Excerpt from the entries below: please repeat exactly the lines from the one containing "Capricorn Astrological Sign" through the last one, both ends included, with no pictures.

Stored dataset items:
= = = = = = =

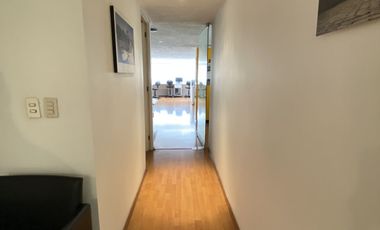 OFICINA EN VENTA AMUEBLADA EN AV. PATRIOTISMO, BENITO JUÁREZ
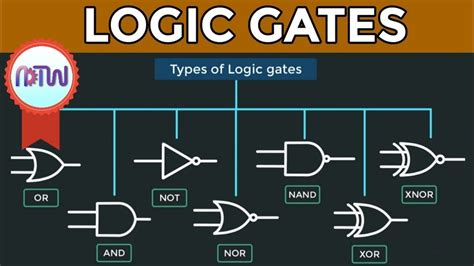 Gate Types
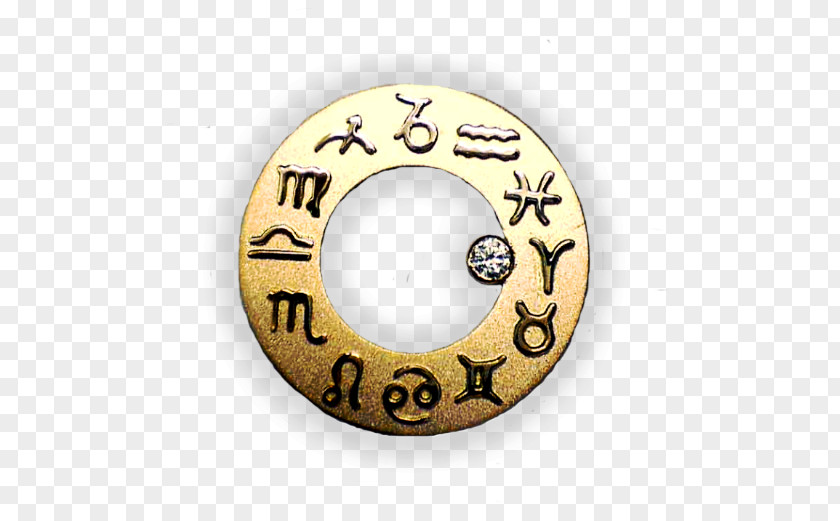 Capricorn Astrological Sign Talisman Zodiac Lavalier PNG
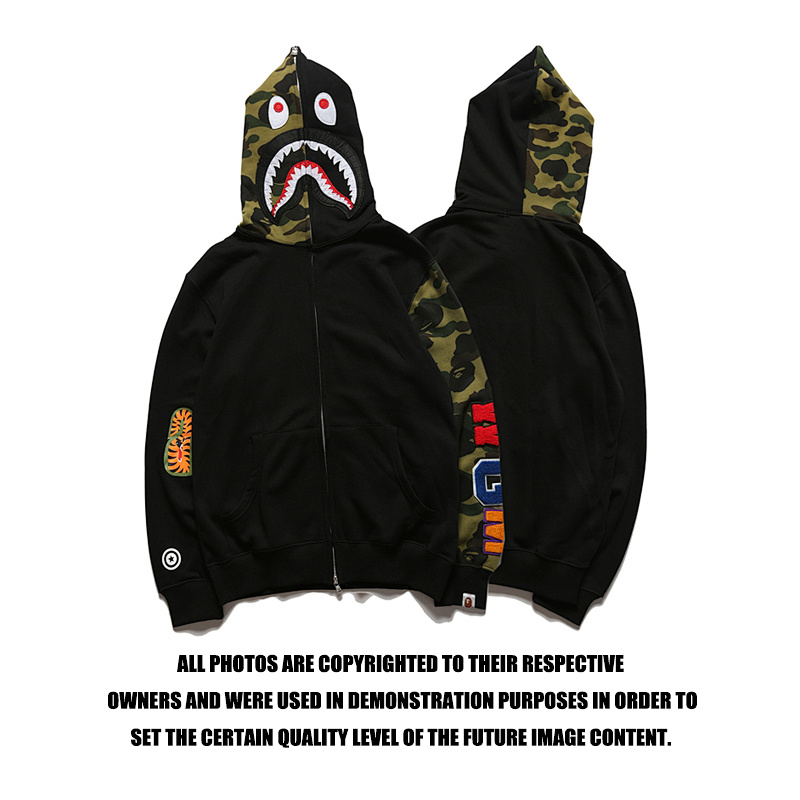 BAPE Ape Head Short Sleeve T-Shirt Style 6173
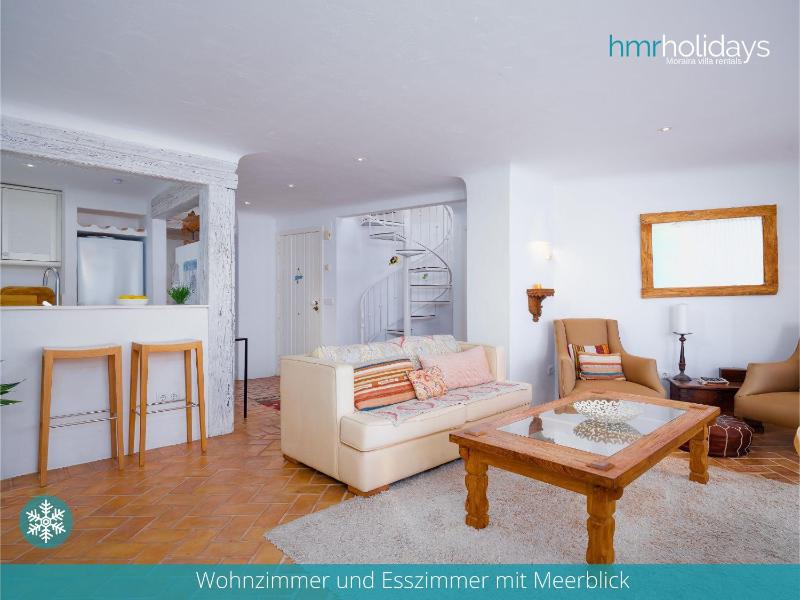 Penthouse SeaEsta by HMR Holidays - image 11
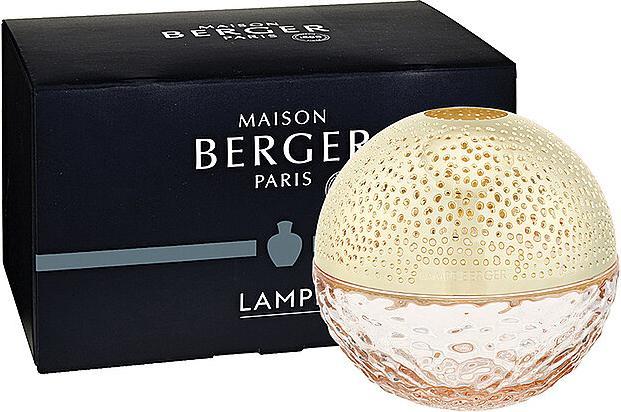 Produktbild Maison Berger Flacon Lampe GRAVITY Nude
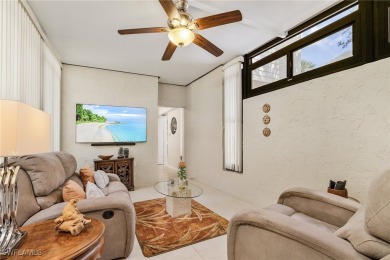You have to check out this townhouse layout with total charm and on The Landings Yacht, Golf and Tennis Club in Florida - for sale on GolfHomes.com, golf home, golf lot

= = = = = = =

* **COMPLETED TASK**:
 Capricorn Astrological Sign Talisman Zodiac Lavalier PNG
 BAPE Ape Head Short Sleeve T-Shirt Style 6173
 Penthouse SeaEsta by HMR Holidays - image 11
 Produktbild Maison Berger Flacon Lampe GRAVITY Nude
You have to check out this townhouse layout with total charm and on The Landings Yacht, Golf and Tennis Club in Florida - for sale on GolfHomes.com, golf home, golf lot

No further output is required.